Lead Product Designer at HqO

Anna has been with HqO for almost three years, leading the company’s Product Design team in collaboration with the Engineering and Product teams. Her experience and collaborative nature help bring an iterative approach to the entire HqO platform; based on both internal and customer feedback, Anna and her colleagues consistently review and revise the end-user product to create the best experience possible.

Inside HqO: Anna Leach, Senior Product Designer | HqO

We’re still a young company, so working with HqO for three years is a long time! You’ve been here from the very start.

Yes! When I started, HqO only had about 30 employees. Now it’s over 200!

What drew you to applying to HqO at such an early stage in the company lifecycle?

I didn’t have any real estate experience, but I was looking for design roles where I could make a bigger impact on the product as a whole. Sometimes, if you go somewhere that’s extremely mature, you have a really small piece of the pie to work on. When I interviewed, I talked to a lot of the product leaders and found that there was an opportunity here – from both a design standpoint and a strategy standpoint – to really shape the course of what the product looks like and how it functions and meets user’s needs. It was new and exciting, and the visionary-level thinking really spoke to me.

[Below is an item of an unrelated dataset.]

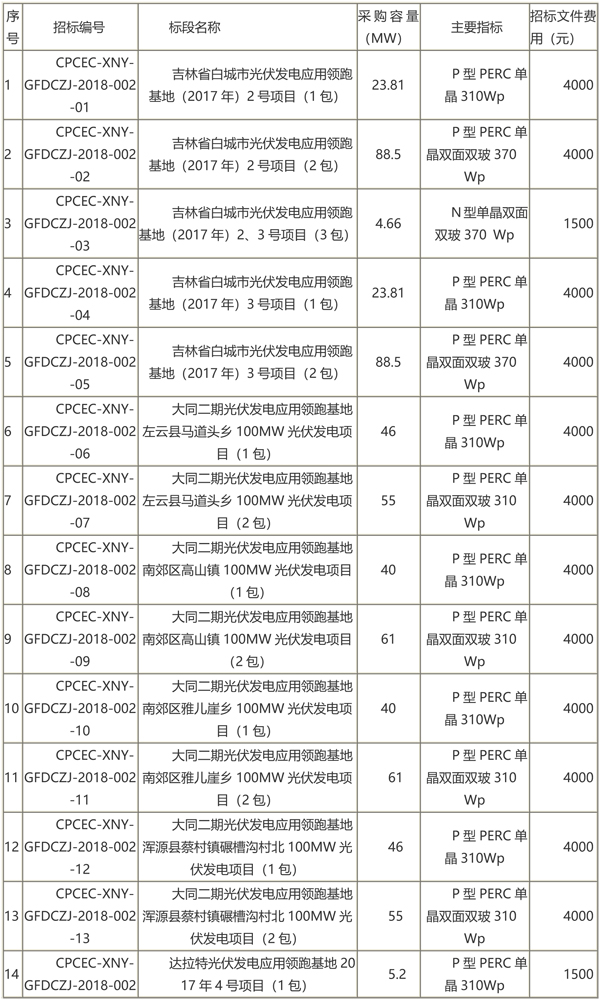 國家電投第二批光伏領跑者項目組件、逆變器招標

How has your day-to-day role changed as HqO continued to grow?

It’s funny. It’s both the same and different! I still collaborate every day with Engineering and Product, and I still have strong relationships with my peers in the customer side of the house. But I think what feels most different is now we have more time to go deeper into every area. When you’re establishing minimal viable products (or MVPs) and a lot of early functionality, it’s just about getting those features out there. The focus is on a lean solution, so you don’t always get as much testing in and you can’t always cover every use-case with every feature. The focus is getting it out there to see, organically, how people respond and what works.

Now, with a couple of years to mature and to grow our team, we’ve been able to really refine our focus and spend more time looking at the data and doing research with customers, prospects, and our end-user base. We can spend time revisiting those older projects that we did forever ago and say, ‘Okay, now with our perspective and maturity around the market, let’s go deeper into some of our existing features and give them new life.’ And now, we also have a clearer idea of our overall business goals. This means that when we’re dreaming big, we’re dreaming towards a specific vision of the best workplace experience for employees and experience managers. I think the takeaway is that software design and development are never done. It’s all about how we can iterate — or how we can keep making our product better for people. 

Your job is so interesting to me. When you come into work and you log on, are you working on one project at a time? Or is it many different things at a time?

When we were smaller, everyone was working on every single part of the product — the product was also a lot smaller then, too. But as the product grew and evolved, the design team structure evolved.

So today, we work in what’s called an integrated or distributed model, which means we each have a couple of focus areas tied to engineering and product units. For example, it can be Food & Beverage, or Services, or Spaces, and so on. Currently, I only have three or four focus areas. These are in the overall structure of the end-user app and its administration side, Feedback, and Communication/Community.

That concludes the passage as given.